Since PostgreSQL 9.0, support for machine-readable EXPLAIN output has existed. I'm not aware that anyone else got around to actually doing something interesting with this capability, though. I knew that in order to get the most benefit from pg_stat_plans, it ought to be possible to leverage this capability to search for plans based on arbitrary criteria, directly from SQL.
I've written an experimental submodule of pg_stat_plans, called pg_find_plans, that is designed to do just that - to quickly find plans and their execution costs, for those plans that, say, perform a sequential scan on a known large table.
Here's the description of pg_find_plans from its documentation:
pg_find_plans is written in PL/Python and PL/PgSQL. It is intended to provide users with a better way to ask questions like "what are the execution costs of all plans tracked since last statistics reset that involve a sequential scan against mytable, and have more than 2 joins?". That might be written as:mydb=# select join_count(json_plan), p.* from pg_stat_plans p join stored_plans sp on (p.userid=sp.userid and p.dbid=sp.dbid and p.planid=sp.planid) where from_our_database and join_count(json_plan) > 2 and contains_node(json_plan, 'Seq Scan', 'mytable'); order by 1 desc nulls last;Users should have a high degree of confidence that their queries on plan's structure are free of detectable errors, and pg_find_plans ensures this by carefully sanitising user input. For example, if the node of interest was specified as 'seq scan' above, the query would raise an error - to do any less might result in a false sense of security about the actual costs of plans that sequentially scan the tablemytable, since the implementation might then naively ignore sequential scan nodes, as a case-sensitive comparison is used internally. In general, making the interface hard to use incorrectly is even more important than making it easy to use correctly.Strictly speaking, pg_find_plans is nothing more than a simple set of functions for storing JSON explain texts of plans that appear as pg_stat_plans entries into a dedicated table, and subsequently parsing those plans to answer interesting questions using SQL. However, pg_find_plans is a module that is likely to make pg_stat_plans much more useful than it might otherwise be. pg_find_plans is by no means feature complete or especially polished. The author's ambitions for the tool are described under "limitations" below.

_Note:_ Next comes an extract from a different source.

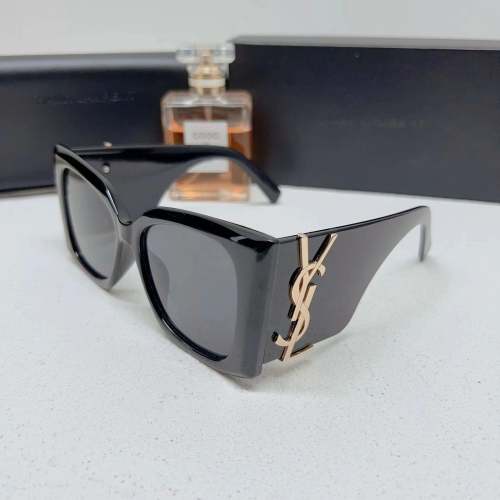 Blue light blocking sunglasses with the box and case ,G25-2566-2571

pg_find_plans is distributed with pg_stat_plans, version 1.0 beta 3, as a submodule. I'm reasonably confident that there will be a stable release of pg_stat_plans soon.

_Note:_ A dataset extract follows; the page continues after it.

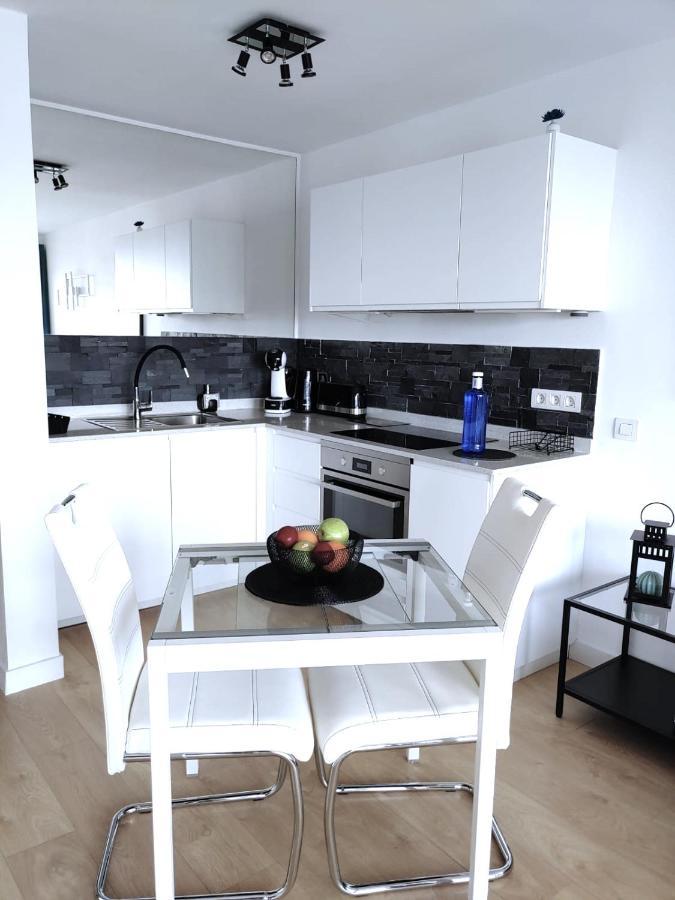 Apartment Portonovo Paraiso II - Sea View - Swimming Pool - Good Wifi - Old Town Puerto del Carmen  Eksteriør billede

While there are some problems with using a query text as a proxy for a plan that was once produced by that query text, these cases are handled reasonably well, though the "limitations" section of the pg_find_plans documentation should be understood by users. Still, pg_find_plans exists mostly to "test the waters" for a better-principled implementation. It remains to be seen just how much demand there is for this kind of functionality.

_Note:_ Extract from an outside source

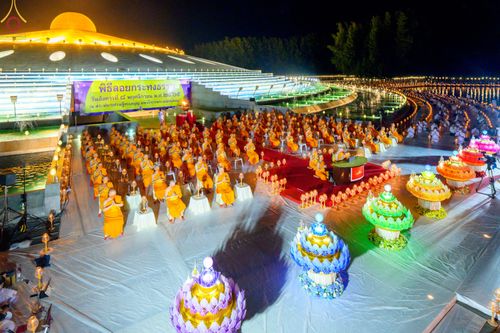 ภาพ No.55329:ประมวลภาพพิธีลอยกระทงธรรม ณ วัดพระธรรมกาย (วันที่ 8 พฤศจิกายน พ.ศ. 2565)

I must say that working on this gave me a new-found appreciation for JSON as a data-interchange format - it dawned on me just why some people consider the Postgres 9.2 JSON datatype so compelling a feature. The last time I needed to write some code that used a lowest common denominator interchange format, that format was the ludicrously verbose XML. Having a format that maps almost perfectly onto scripting language data structures cut down on the amount of boilerplate required considerably. JSON interacts well with Python's dynamic, strong typing, because a piece of JSON data almost looks like a declaration of a nested Python data structure, and can be fairly easily made to be manipulated as one too.